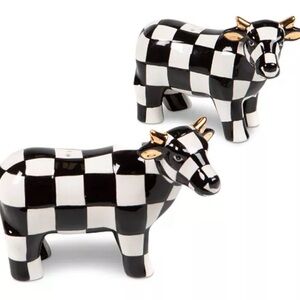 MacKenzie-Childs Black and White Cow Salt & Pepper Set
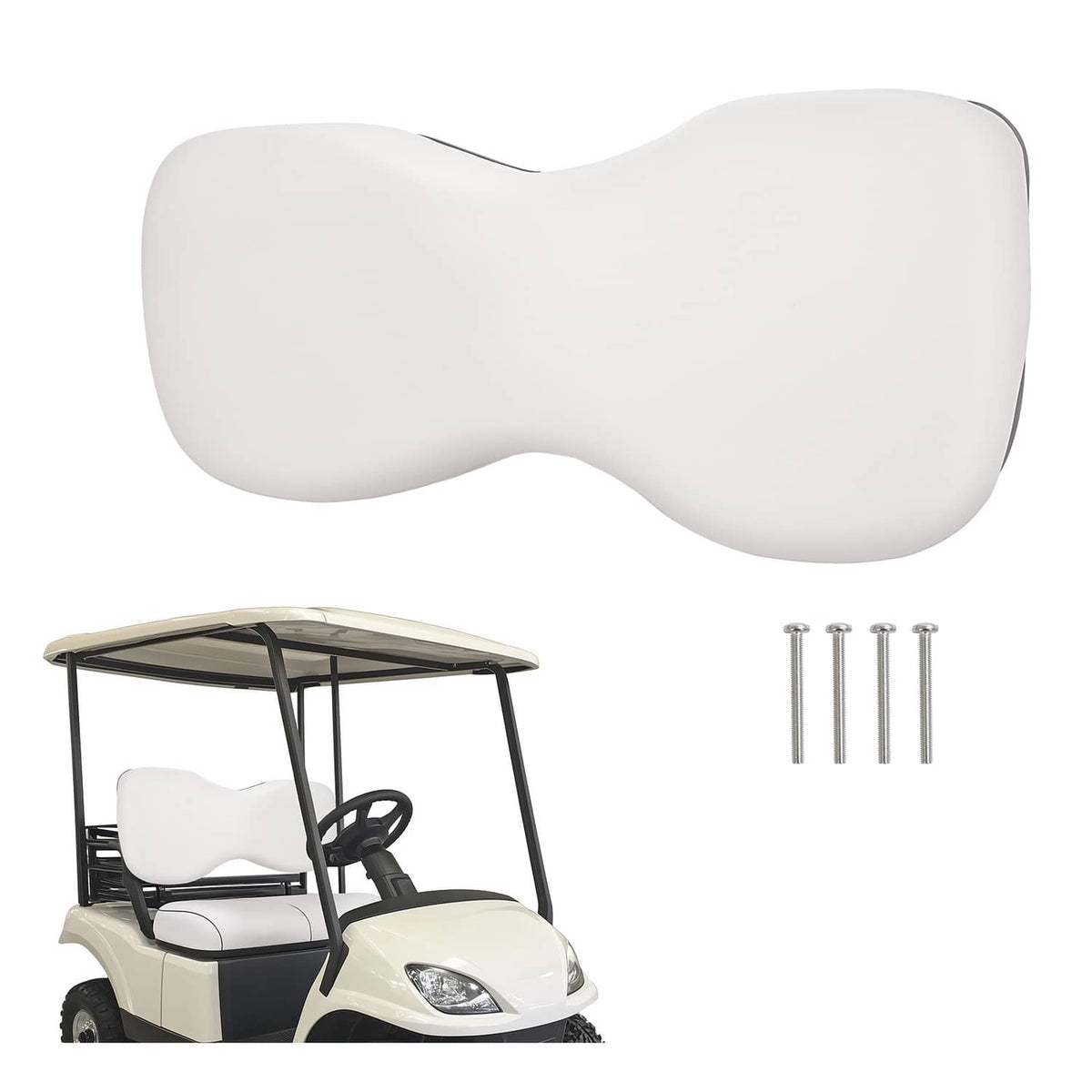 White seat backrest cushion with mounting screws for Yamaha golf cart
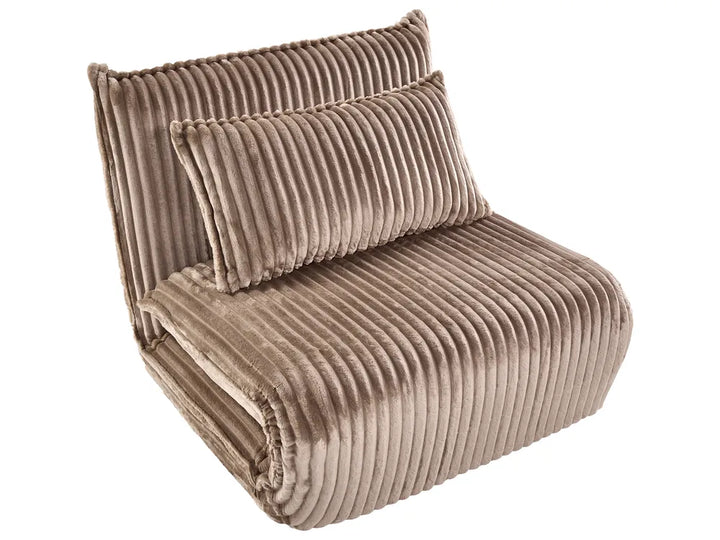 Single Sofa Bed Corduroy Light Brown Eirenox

WHAT YOU SHOULD DO:
Transcribe the listing exactly; skip the pictures.

YOUR RESPONSE:
 MacKenzie-Childs Black and White Cow Salt & Pepper Set
 White seat backrest cushion with mounting screws for Yamaha golf cart
 Single Sofa Bed Corduroy Light Brown Eirenox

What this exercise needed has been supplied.